• **DIRECTIONS**: Every line from the one holding "Nebrzděný jednoosý přívěs" through the one holding "Duelist Anneau Vibrant" in the data below must be returned exactly, both ends included, with pictures left out and nothing else added.

• **RECORDED INFORMATION**:
■ ■ ■ ■ ■

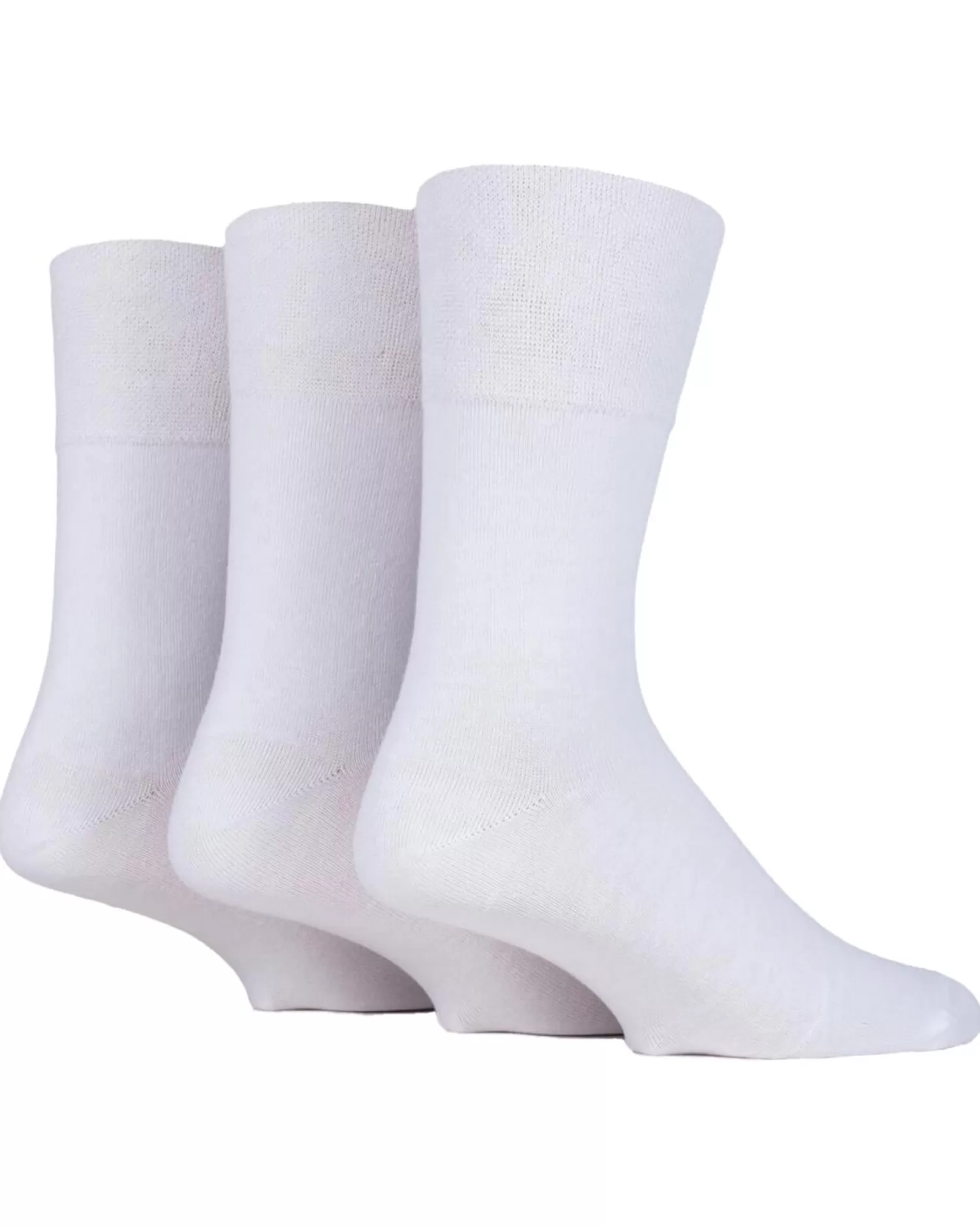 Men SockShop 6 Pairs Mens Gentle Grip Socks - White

■ ■ ■ ■ ■

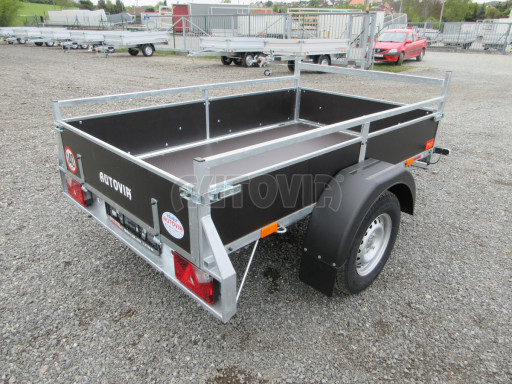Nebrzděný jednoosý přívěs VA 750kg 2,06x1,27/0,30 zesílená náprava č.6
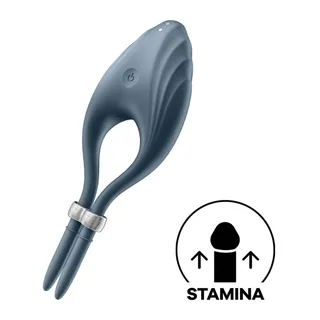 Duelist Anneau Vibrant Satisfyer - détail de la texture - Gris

■ ■ ■ ■ ■

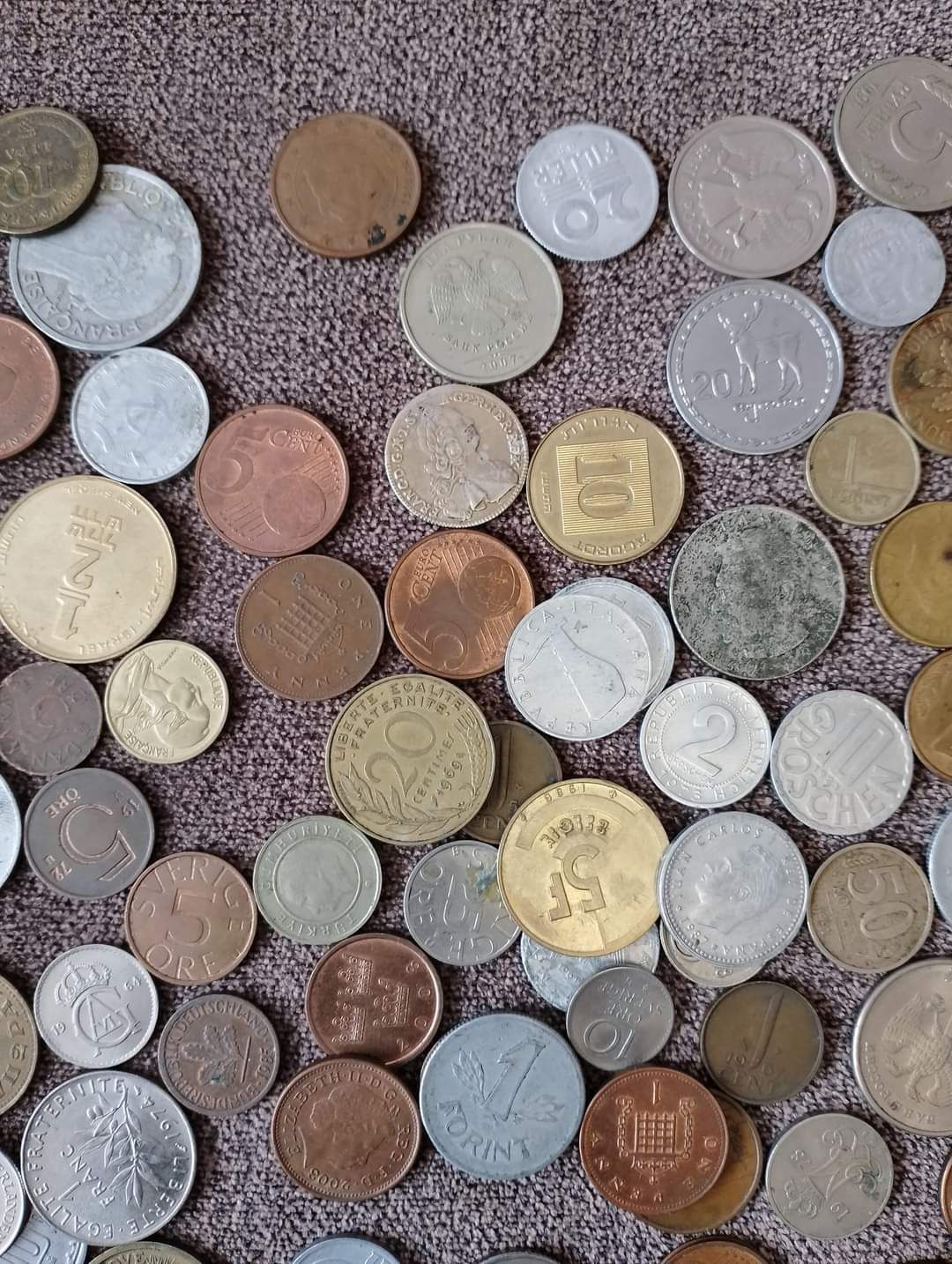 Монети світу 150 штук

■ ■ ■ ■ ■

• **TASK SOLUTION**:
Nebrzděný jednoosý přívěs VA 750kg 2,06x1,27/0,30 zesílená náprava č.6
 Duelist Anneau Vibrant Satisfyer - détail de la texture - Gris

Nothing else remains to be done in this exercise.